Air Force Staff Sgt. Joshua Cramer, a 57th Maintenance Squadron munitions systems technician here, has had a passion for bowling since he was a boy. "My dad got me into it when I was 6 years old," he said. "It was something that the two of us could do together." Some people take years to develop a high skill level for a sport, but Cramer said he enjoyed early success at bowling. "I've always enjoyed bowling and I performed really well at competitions when I was younger," he said. Cramer continued bowling, and he eventually applied to join the 2015 Air Force bowling team. Competing against other applicants at Naval Air Station Jacksonville, Florida, he made the team. In May, he bowled in the Armed Forces Championships. The Air Force women's team placed second, while the men's team took first place. Cramer and his men's doubles partner finished first in that category, and Cramer placed fourth overall individually.

 Strong Support Network Cramer said he has a strong support network consisting of his family, friends and co-workers. "They always take the time to ask me how I'm doing, and they give me time to go compete," he said. "They allow me to do permissive leave to go compete rather than having to use [personal] leave when I go."

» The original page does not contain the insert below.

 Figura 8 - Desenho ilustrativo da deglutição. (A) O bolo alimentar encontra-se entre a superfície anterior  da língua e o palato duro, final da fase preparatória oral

Cramer’s supervisor said he also excels on the job. "Staff Sergeant Cramer is one of the best airmen I have had the chance to supervise," said Air Force Tech. Sgt. Joshua Ratliff, 57th Maintenance Squadron small bombs production superintendent. "Whether he is crew-chiefing a 2.75-inch rocket build or finishing his bachelor's degree, he sets the bar high on a daily basis. “He tackles every job assigned to him -- no questions asked, safely and precisely,” he continued, “with a positive attitude to ensure the small bombs element completes our part in the mission here at Nellis Air Force Base."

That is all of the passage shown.